In other words, I am asking whether we can characterise which sequences of real numbers can arise as the $k$-minors of diagonal $d \times d$ matrices?

I am interested mainly in the case where all the $\lambda_{i_1,\ldots,i_k}$ are non-zero.
I have heard that the general problem of recognizing $k$-minors of arbitrary square matrices is open, but I am hoping that for diagonal matrices, the situation maybe better understood.
I guess this should be easier by starting over $\mathbb{C}$. What is known about that case?
Commnet: If I understand correctly, the Plucker relations only describe the minors of top-degree of a non-square matrix.

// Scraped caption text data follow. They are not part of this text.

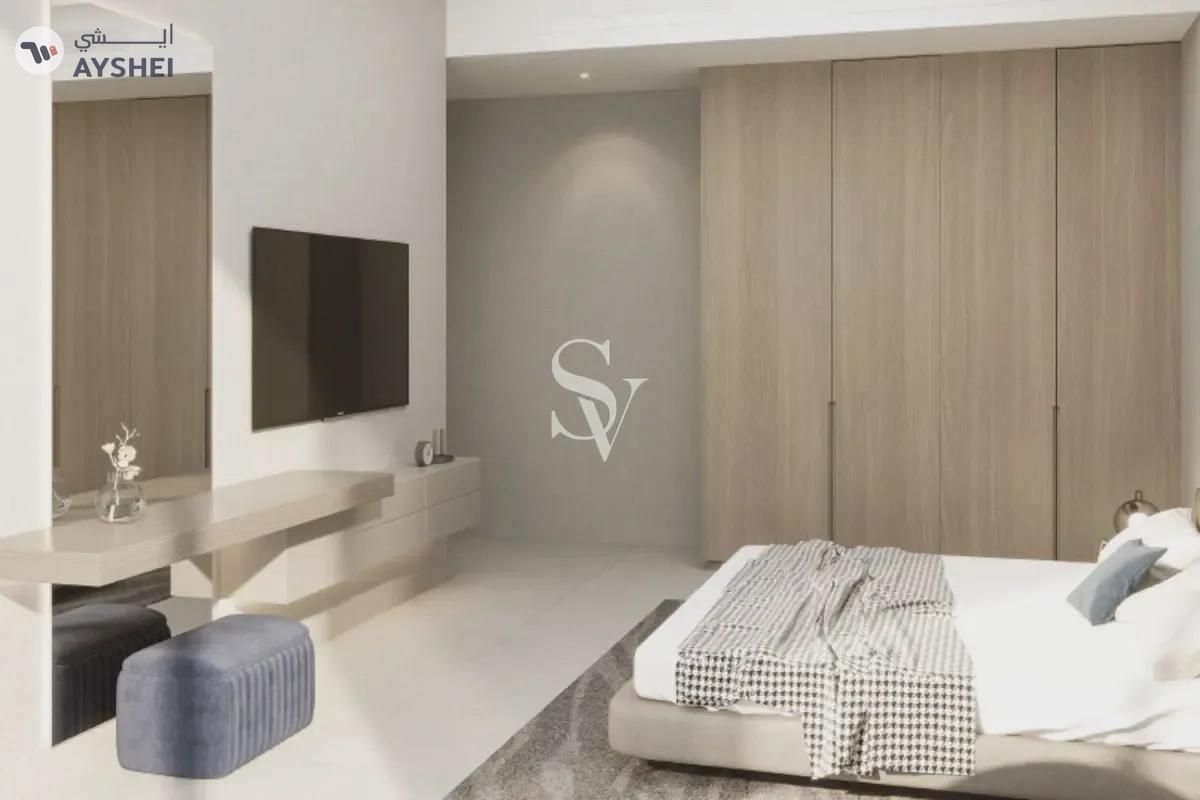 Minati Homes 1, Al Furjan West, Al Furjan, Dubai-1-landscape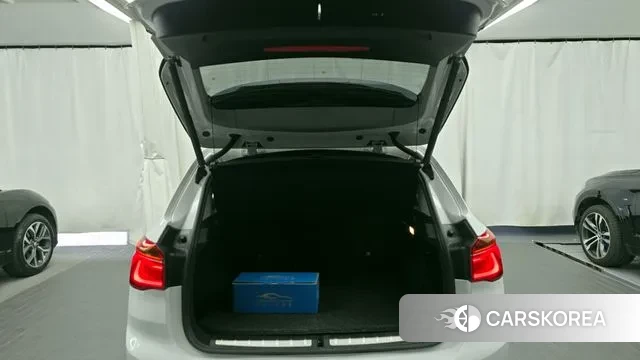 BMW X1 (F48) id 3018531 из Кореи 11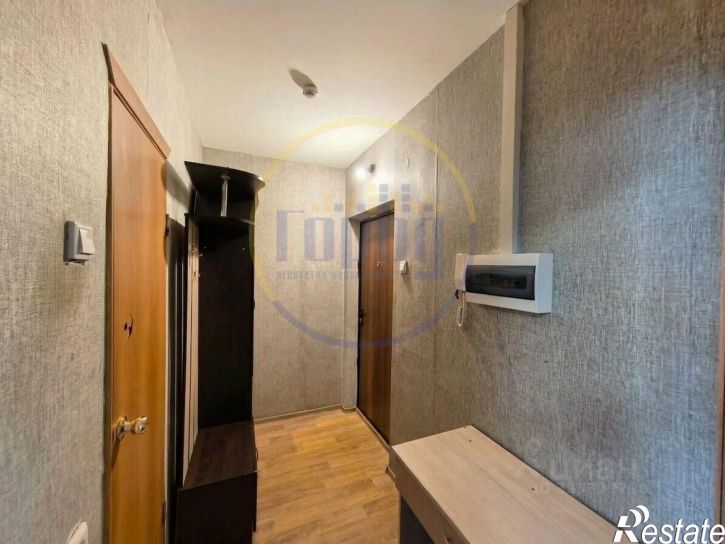 1-комн квартира ул Карла Маркса, 18А,  д. 18А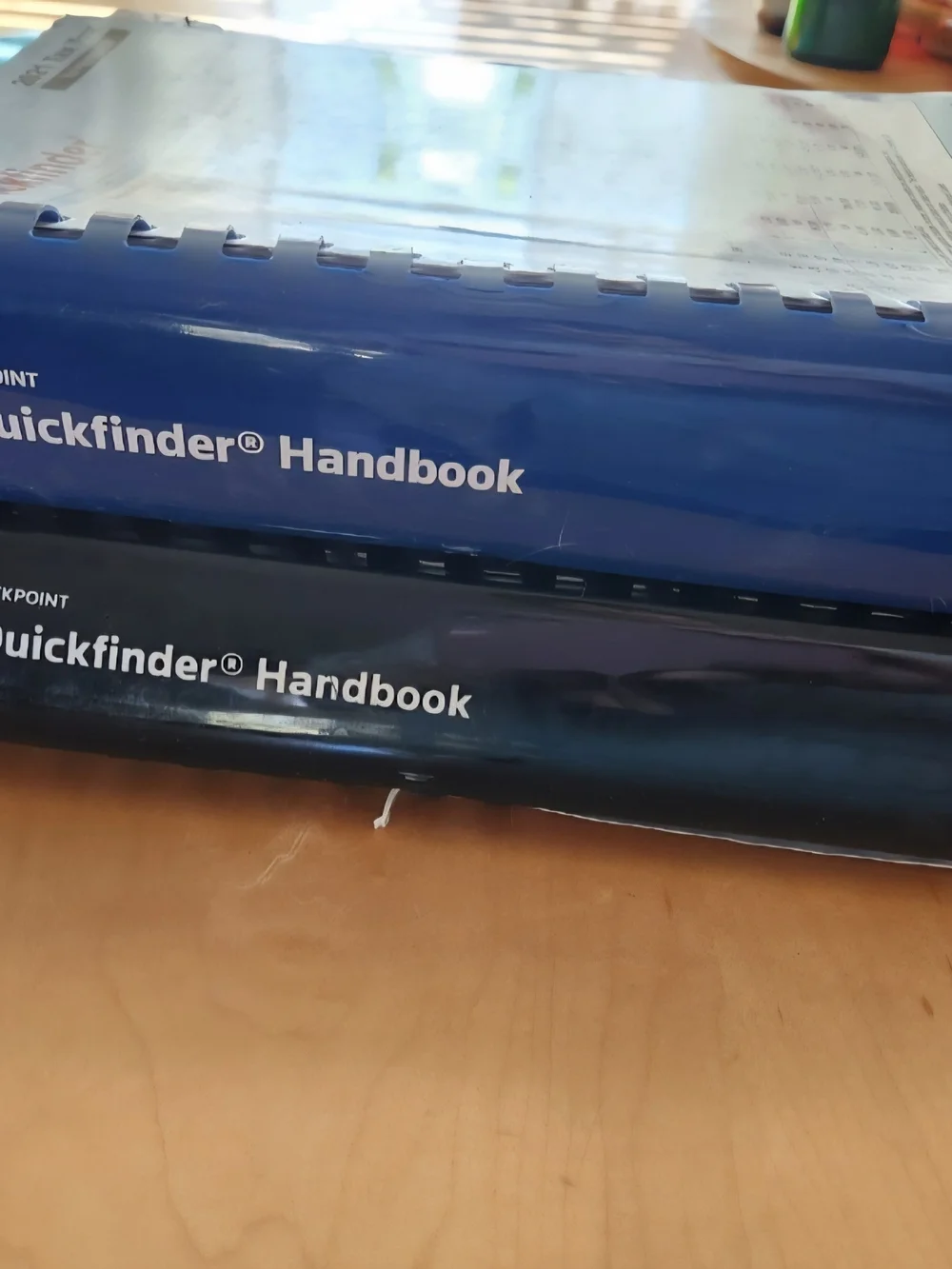 2-Tax Preparation Quickfinder Books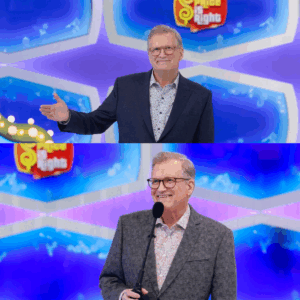 In a candid revelation, longtime host Drew Carey has disclosed unsettling information regarding substances or methods some “The Price Is Right” contestants have reportedly employed prior to appearing on the show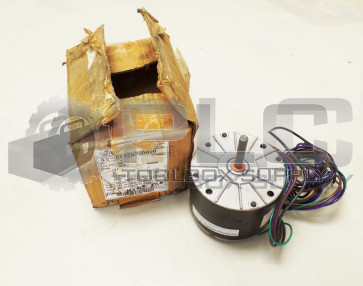 NEW A.O. SMITH F48A84A50 FAN MOTOR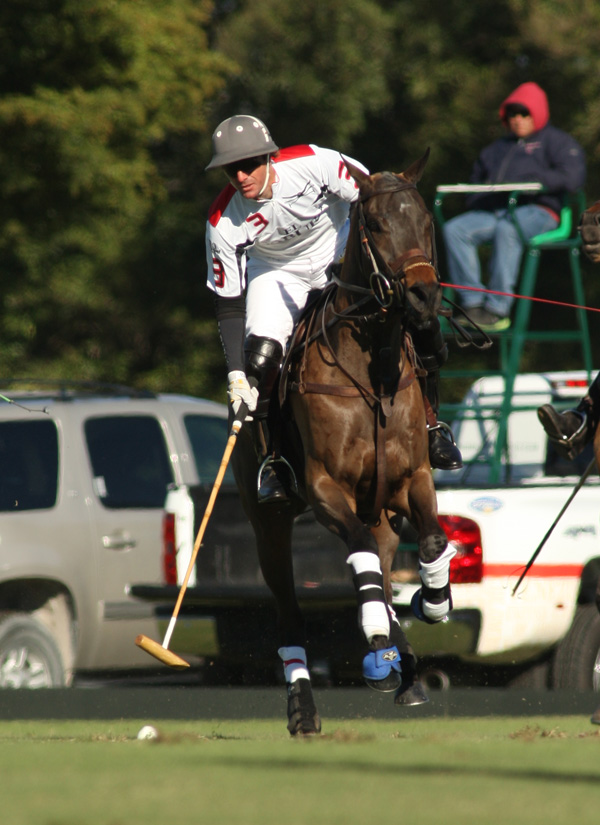 Photos: Joe Barry Memorial Cup Palm Beach Illustrated and El Cabure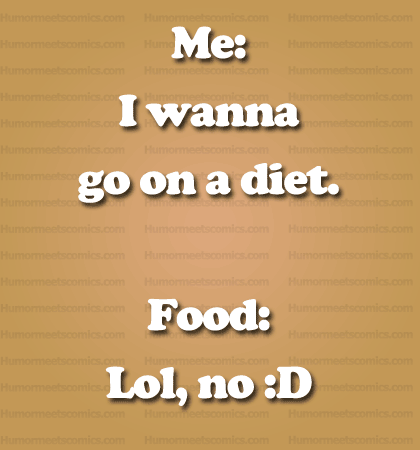 Detail Funny Eating Quotes And Sayings Nomer 23
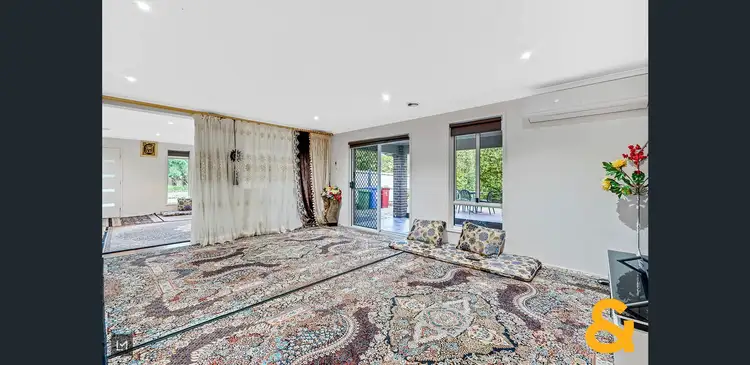 Third view of Homely house listing, 7 Moreton Bay Boulevard, Lyndhurst VIC 3975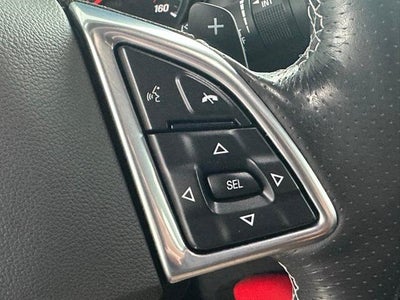 2021 Chevrolet Camaro 3LT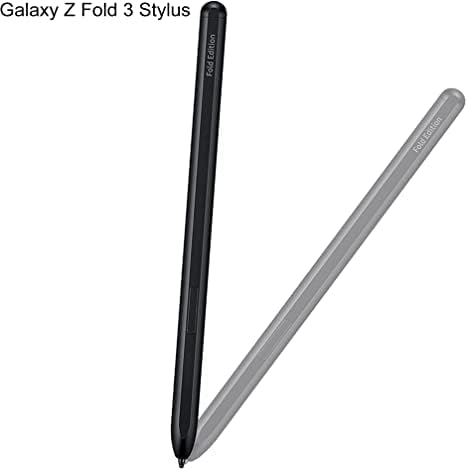 Z Fold 4 Pen Fold Edition for S Pen Galaxy Z Fold 4 Replacement Stylus Pen + Free 2 Tips/Nibs Replacement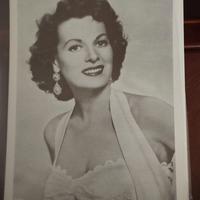 cartoline vintage cinema modernissimo anni 50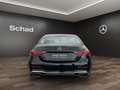Mercedes-Benz C 180 C 180 AMG+MBUX+LED+KAM+ASSIST+MEMO+CARPLAY+AMBI+ Nero - thumbnail 5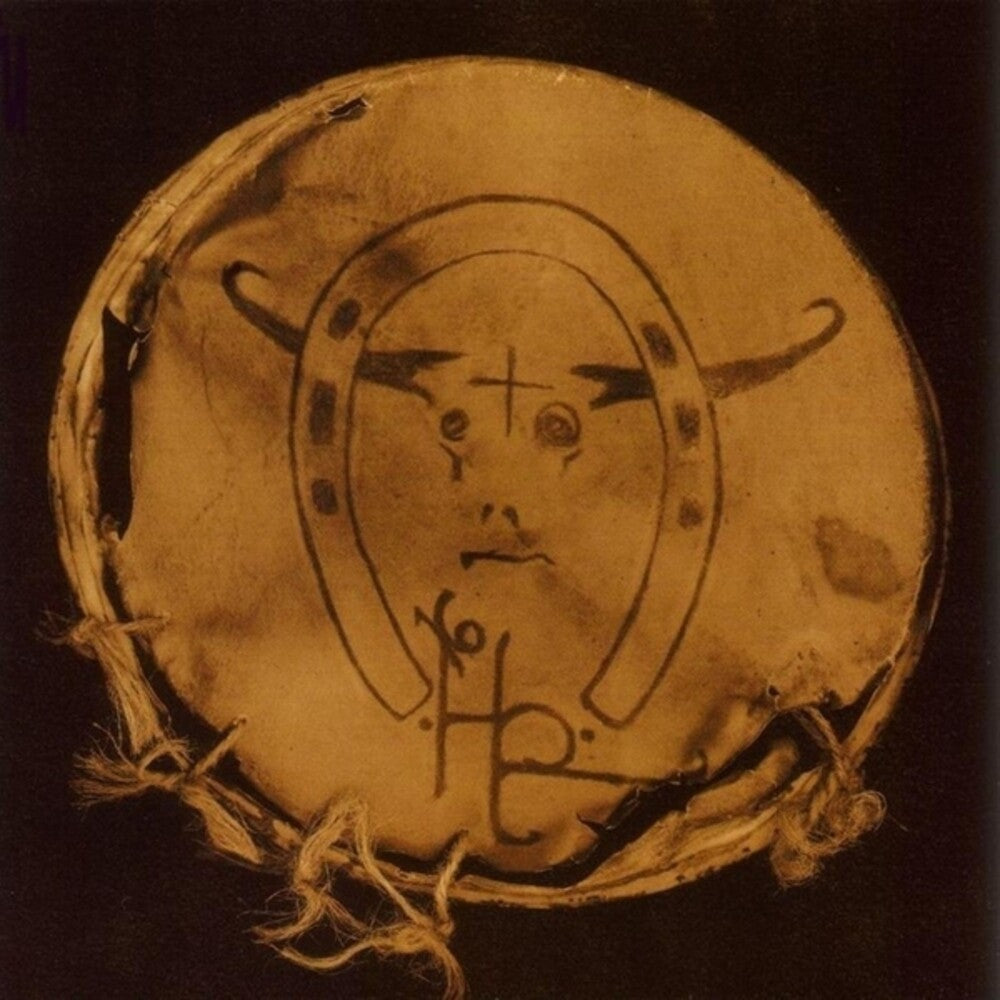 Pre-Order: 16 Horsepower - Olden [LP]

Here I am talking about the minors of degree $k$, when $1<k<d$, i.e. non-top minors of a square matrix.
 A: Let me give an answer over complex numbers.
The conditions are the following: for each pair $i \ne j$ and for each pair of subsets $I,J \subset \{1,\dots,d\} \setminus \{i,j\}$ of cardinality $k - 1$ one has a relation
$$
\lambda_{I \sqcup \{i\}} \cdot \lambda_{J \sqcup \{j\}} = 
\lambda_{I \sqcup \{j\}} \cdot \lambda_{J \sqcup \{i\}}.
$$
Clearly these relations are necessary.
Let us also show that they are sufficient. In fact, let me just explain how $\sigma_i$ can be reconstructed. Take any set $J \subset \{1,\dots,d-1\}$ of cardinality $k$. Then set
$$
\sigma_d = \sqrt[k]{\frac{\prod_{j \in J} \lambda_{J \setminus \{j\} \sqcup \{d\}}}{\lambda_J^{k-1}}}.
$$
After that for each $i \in \{1,\dots,d-1\}$ choose $J \subset \{1,\dots,d-1\} \setminus \{i\}$ of cardinality $k-1$ and set
$$
\sigma_i = \frac{\prod_{j \in J} \lambda_{J \setminus \{j\} \sqcup \{i,d\}}}{\lambda_{J \sqcup \{i\}}^{k-2}\sigma_d^{k-1}}.
$$
One can check that this solves the required equations.
Over real numbers the only extra problem is the existence of the root.